Process variations are classified into common cause and assignable cause variations in the manufacturing and services industries. Common cause variations are inherent in a process and can be described implicitly or explicitly by stochastic methods. Assignable cause variations are unexpected and unpredictable and can occur before the commencement of any special events. Reducing process variations are critical for industries with a low tolerance for variability such as semiconductor manufacturing. While engineering process control (EPC) methods such as feedback/feedforward controllers are widely employed in continuous process industry to reduce common cause variations, statistical process control (SPC) methods have been successfully utilized in discrete parts industry through identification and elimination of the assignable cause of variations. Recently, integration of EPC and SPC methods has emerged in the semiconductor manufacturing industry and has resulted reducing manufacturing waste and improving process efficiency. This paper provides a review of various control techniques and develops a unified framework to model the relationships among these well-known methods in EPC, SPC, and integrated EPC/SPC. A case study centered on chemical mechanical planarization process demonstrates the utility of this framework.

Additional information

Notes on contributors

Wei Jiang

Wei Jiang Assistant Professor of Systems Engineering and Engineering Management at Stevens Institute of Technology. His interests are in the areas of statistical methods for quality control, business forecasting, and data mining for knowledge discovery, statistical methods for quality control, data mining and enterprise intelligence. He has published widely in the engineering and statistical literature. Dr. Jiang is currently serving as a council member for Data Mining section and Secretary/Treasurer of Quality, Statistics, and Reliability section in Institute of Operations Research and Management Sciences (INFORMS).

John V. Farr

John V. Farr Professor of Systems Engineering and Engineering Management at Stevens Institute of Technology, Hoboken, New Jersey. His education includes a BS in Civil Engineering (CE) from Mississippi State University, MSCE from Purdue University, and PhD in CE from the University of Michigan. He has authored or co-authored one book and over eighty other technical publications in wide variety of fields including military engineering, modeling and simulation, engineering and technology management, and infrastructure assessment and management. After 10 years in government and industry, Dr. Farr joined the faculty at the U.S. Military Academy in 1992 as an Assistant Professor of Engineering Management and was promoted to Professor in 2000. He was responsible for the Academy’s nationally recognized Engineering Management Program from 1997 to 2000. Dr.
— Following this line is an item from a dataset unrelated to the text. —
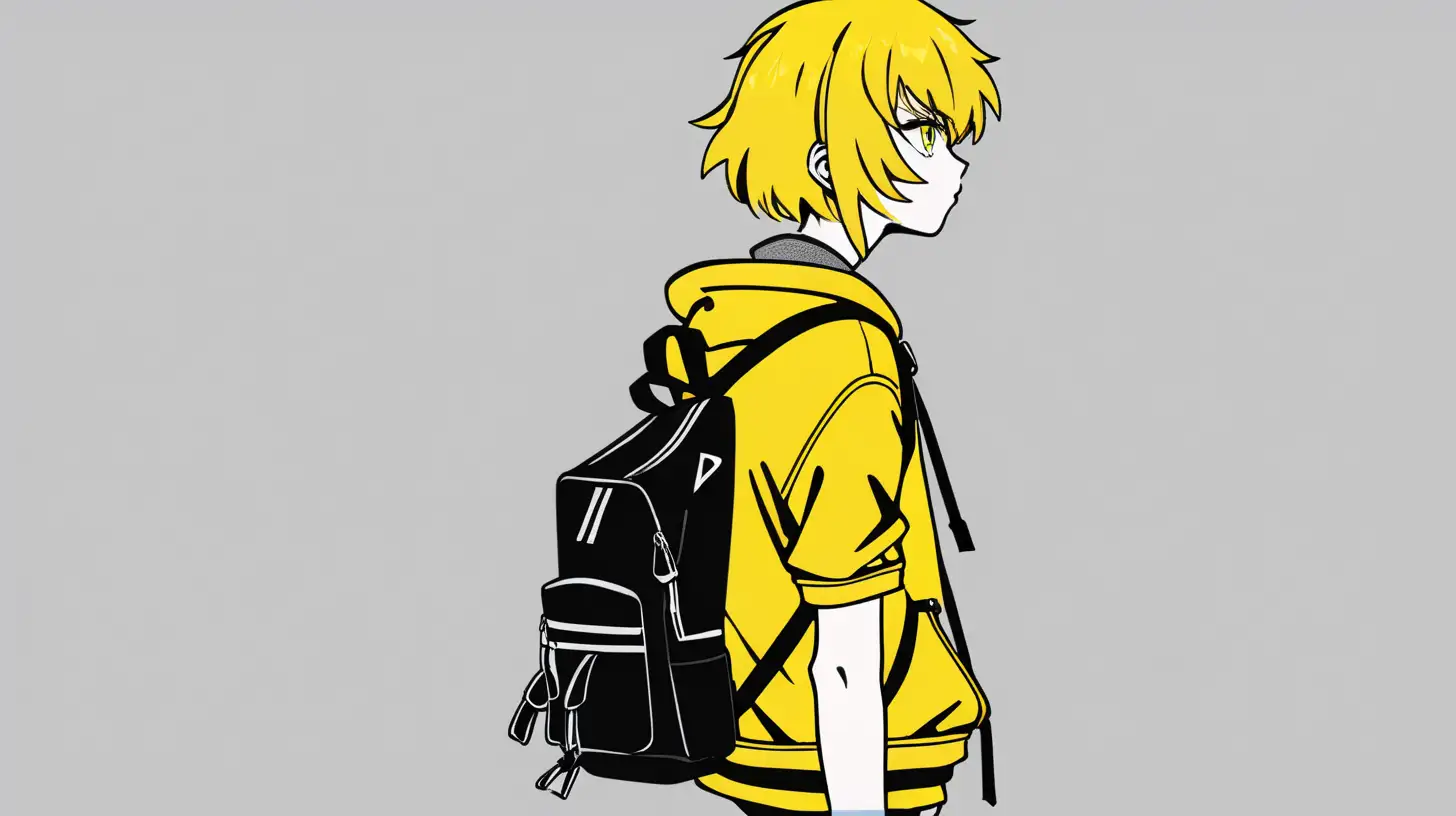 ryuko matoi short yellow hair with black highlights yellow jacket short yellow shorts black boots posterized halftone yellow black white 3 color minimal design with backpack over the shoulder shot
Farr joined the faculty of Stevens in 2000 as the Founding Director of the Department of Systems Engineering and Engineering Management. Dr. Farr is a Fellow in both the American Society of Engineering Management (ASEM) and the American Society of Civil Engineers and served as President of ASEM for 2002–2003. He is a registered Civil Engineer in the states of New York and Mississippi, serves on the Army Science Board, and as a consultant in the areas of data analysis and modeling and simulation.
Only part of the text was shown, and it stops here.